MassBank / MassBank-data

Official repository of open data MassBank records
74 stars 59 forks source link

Duplicated records #53

Open Treutler opened 5 years ago

Treutler commented 5 years ago

I just stumbled over two records, which seem to be duplicates. Meta data as well as the spectrum is exactly the same. https://massbank.eu/MassBank/RecordDisplay.jsp?id=TY000228&dsn=Univ_Toyama https://massbank.eu/MassBank/RecordDisplay.jsp?id=TY000237&dsn=Univ_Toyama Maybe it is worth to search MassBank globally for such cases. I guess we will have to contact the contributors in any case.

How to tackle this? I suggest to introduce a "DEPRECATED" tag for records which are duplicated (this issue) or noisy (e.g. #51) or otherwise erroneous (#9).

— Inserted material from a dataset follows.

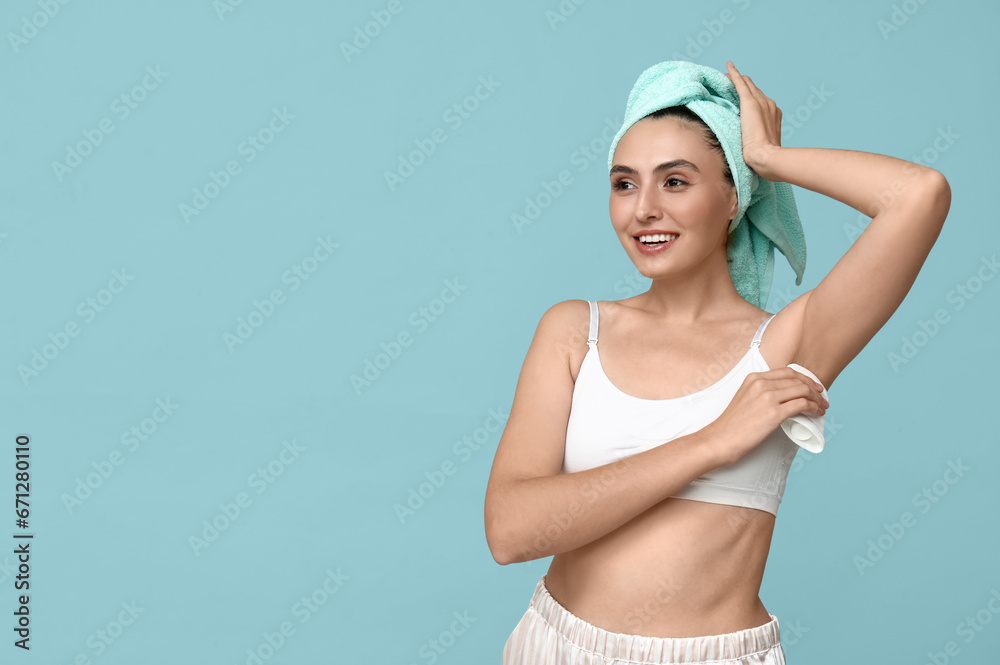 Young woman using deodorant on blue background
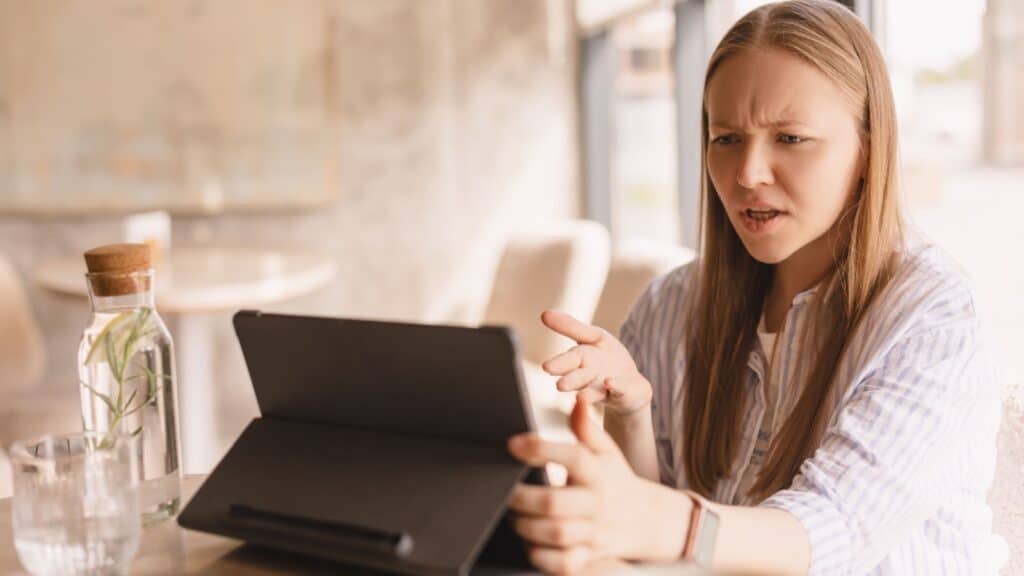 woman not happy with information online.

schymane commented 5 years ago

Yes to a DEPRECATED tag ... I think this will help us keep the record IDs live but communicate beyond COMMENT that there is an issue.... if we hide this in COMMENT tags information will get lost as several records have several COMMENTs

We should do a global check for duplicates, I found some UF cases that are likely duplicates too: Butylparaben UF4158 records and UF4234 records? I did not do a 1:1 match, but they were flagged by Oberacher and have identical "scores" in his results .. You can check by SPLASH?

I am going to comment some validation suggestions on the Validator issue shortly ...